**About this exercise:**
Print the lines below from the line with "setup tiktok ads" to the line with "어촌체험마을 5곳 소개[충남도]" exactly, keeping both ends, and print no pictures.

**Records for the exercise:**
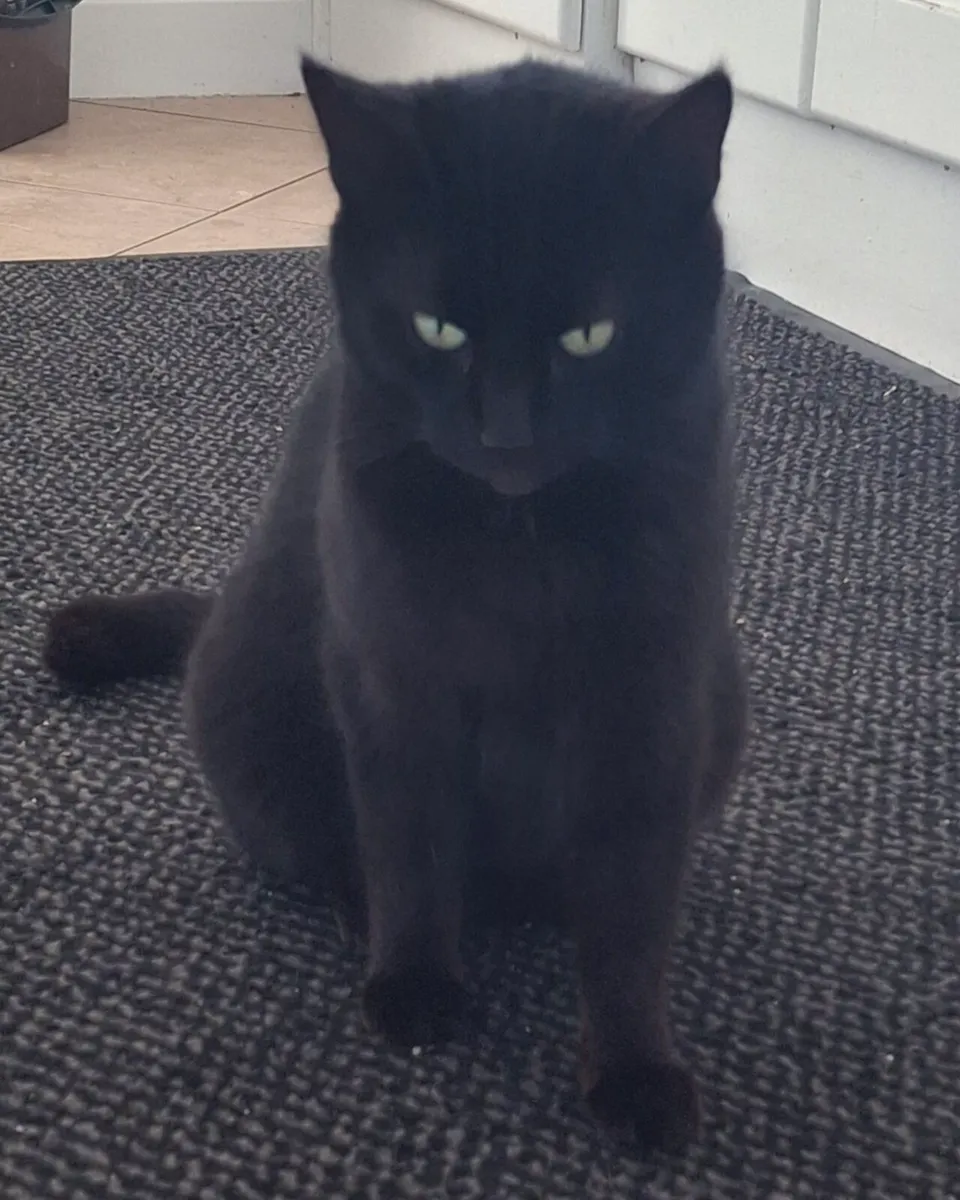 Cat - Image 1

* * *

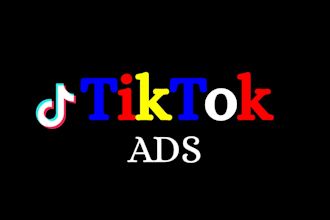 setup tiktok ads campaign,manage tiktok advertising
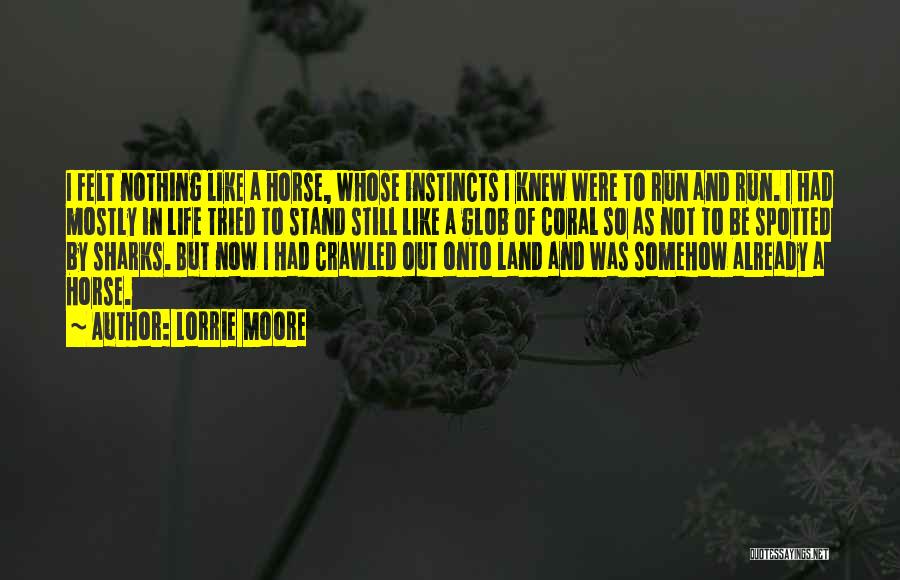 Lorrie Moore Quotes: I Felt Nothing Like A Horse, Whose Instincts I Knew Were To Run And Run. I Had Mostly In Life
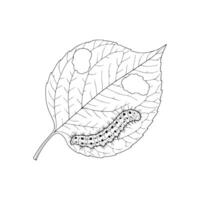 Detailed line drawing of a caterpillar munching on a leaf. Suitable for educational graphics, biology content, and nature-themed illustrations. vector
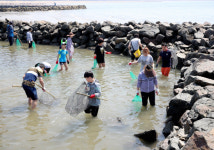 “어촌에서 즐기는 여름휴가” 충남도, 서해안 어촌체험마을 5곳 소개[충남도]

**Response to this exercise:**
 setup tiktok ads campaign,manage tiktok advertising
 Lorrie Moore Quotes: I Felt Nothing Like A Horse, Whose Instincts I Knew Were To Run And Run. I Had Mostly In Life
 Detailed line drawing of a caterpillar munching on a leaf. Suitable for educational graphics, biology content, and nature-themed illustrations. vector
 “어촌에서 즐기는 여름휴가” 충남도, 서해안 어촌체험마을 5곳 소개[충남도]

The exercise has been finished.